[Start of Attachment]

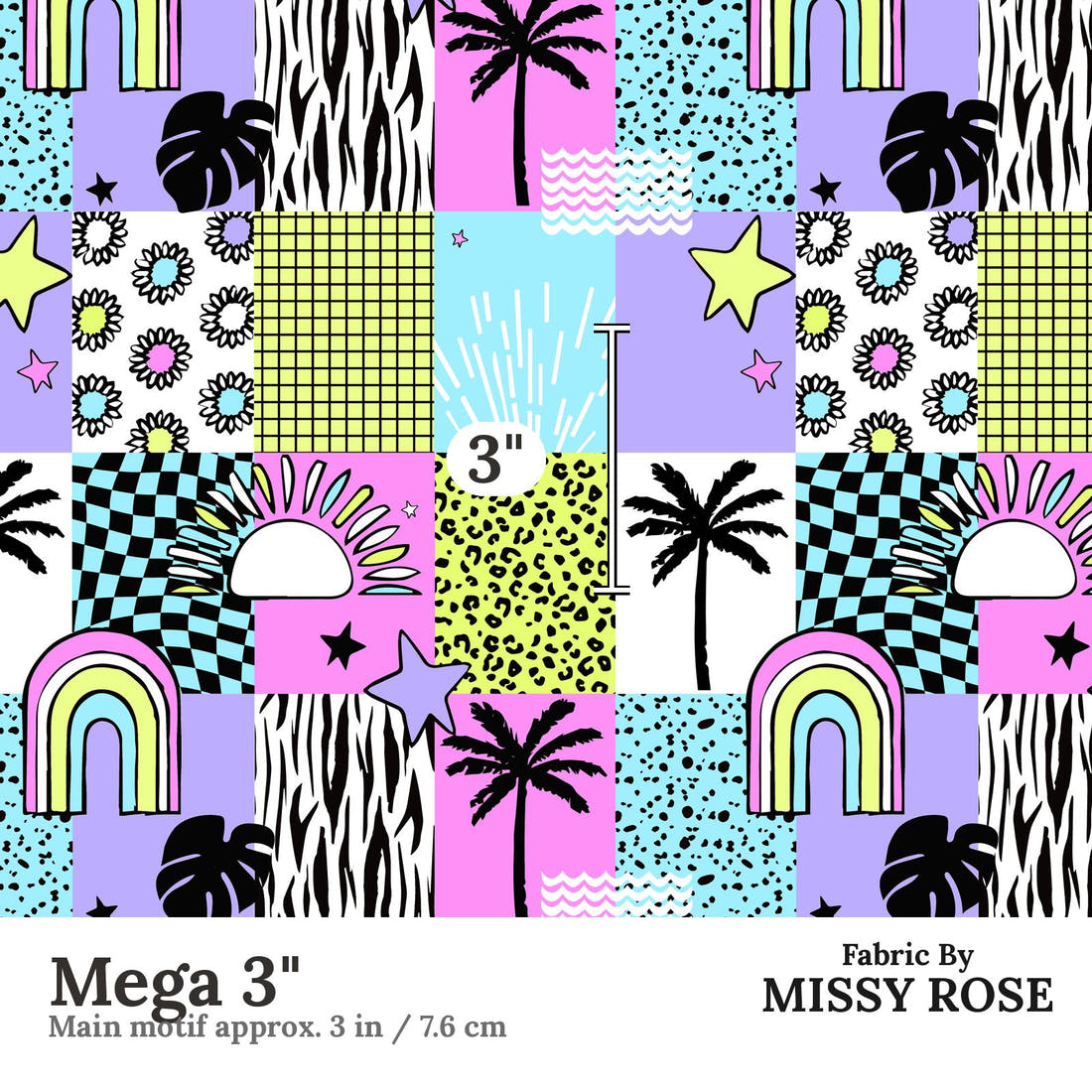 Studio Saturate Fabric 21 Mega 3 inch print scale guide | Fabric by Missy Rose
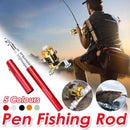 Mini Pen Fishing Rod Pocket Size Portable Telescopic Travel Fishing Pole Tool - Black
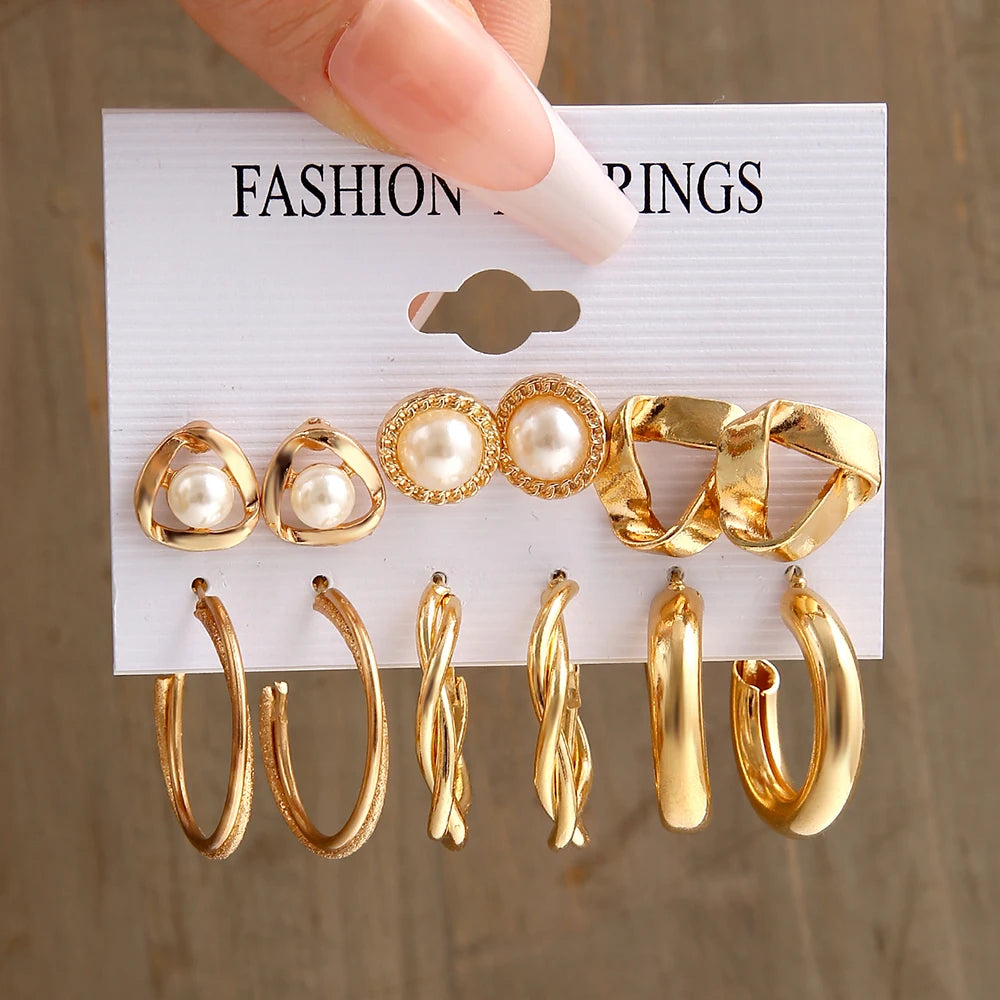 Vintage Pearl Earrings Set Butterfly Square Round Jewelry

[End of Attachment]

* [WORK INSTRUCTIONS] Copy out every line of the data above, taking care to leave the pictures out.

* [WRITTEN ANSWER]
 Studio Saturate Fabric 21 Mega 3 inch print scale guide | Fabric by Missy Rose
 Mini Pen Fishing Rod Pocket Size Portable Telescopic Travel Fishing Pole Tool - Black
 Vintage Pearl Earrings Set Butterfly Square Round Jewelry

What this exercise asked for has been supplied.